• Task brief
Exact reproduction of all the data is required, with pictures excluded.

• Information shown
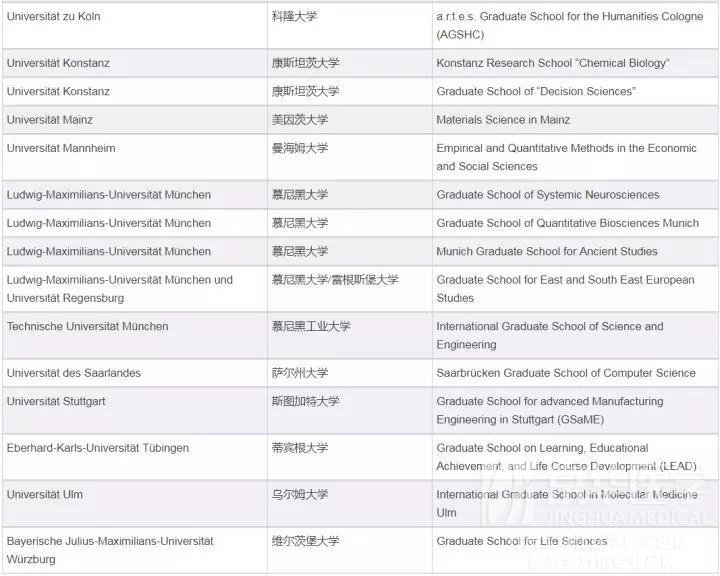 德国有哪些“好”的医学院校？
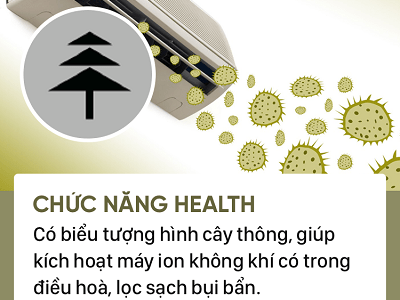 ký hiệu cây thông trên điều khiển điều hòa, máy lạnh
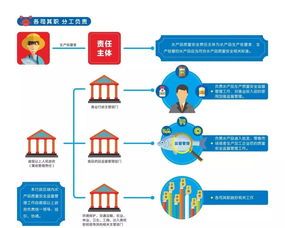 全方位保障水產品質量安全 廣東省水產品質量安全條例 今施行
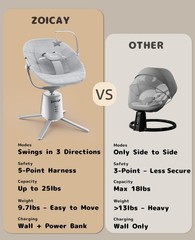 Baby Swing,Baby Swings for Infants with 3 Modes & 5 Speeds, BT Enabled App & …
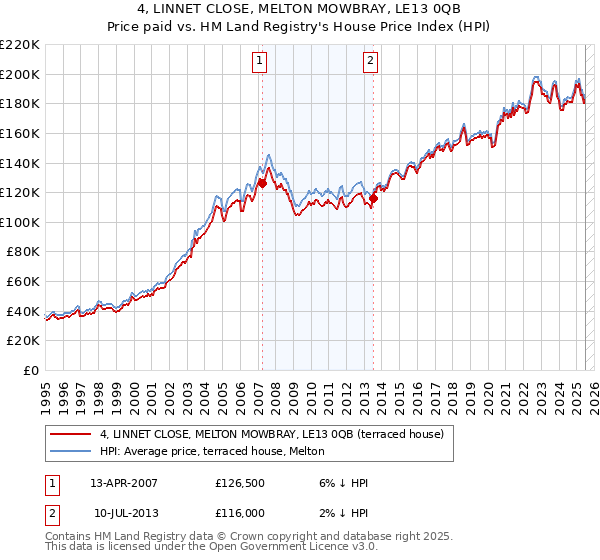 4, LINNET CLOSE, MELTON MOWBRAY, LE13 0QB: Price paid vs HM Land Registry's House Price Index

• Exercise solution
 德国有哪些“好”的医学院校？
 ký hiệu cây thông trên điều khiển điều hòa, máy lạnh
 全方位保障水產品質量安全 廣東省水產品質量安全條例 今施行
 Baby Swing,Baby Swings for Infants with 3 Modes & 5 Speeds, BT Enabled App & …
 4, LINNET CLOSE, MELTON MOWBRAY, LE13 0QB: Price paid vs HM Land Registry's House Price Index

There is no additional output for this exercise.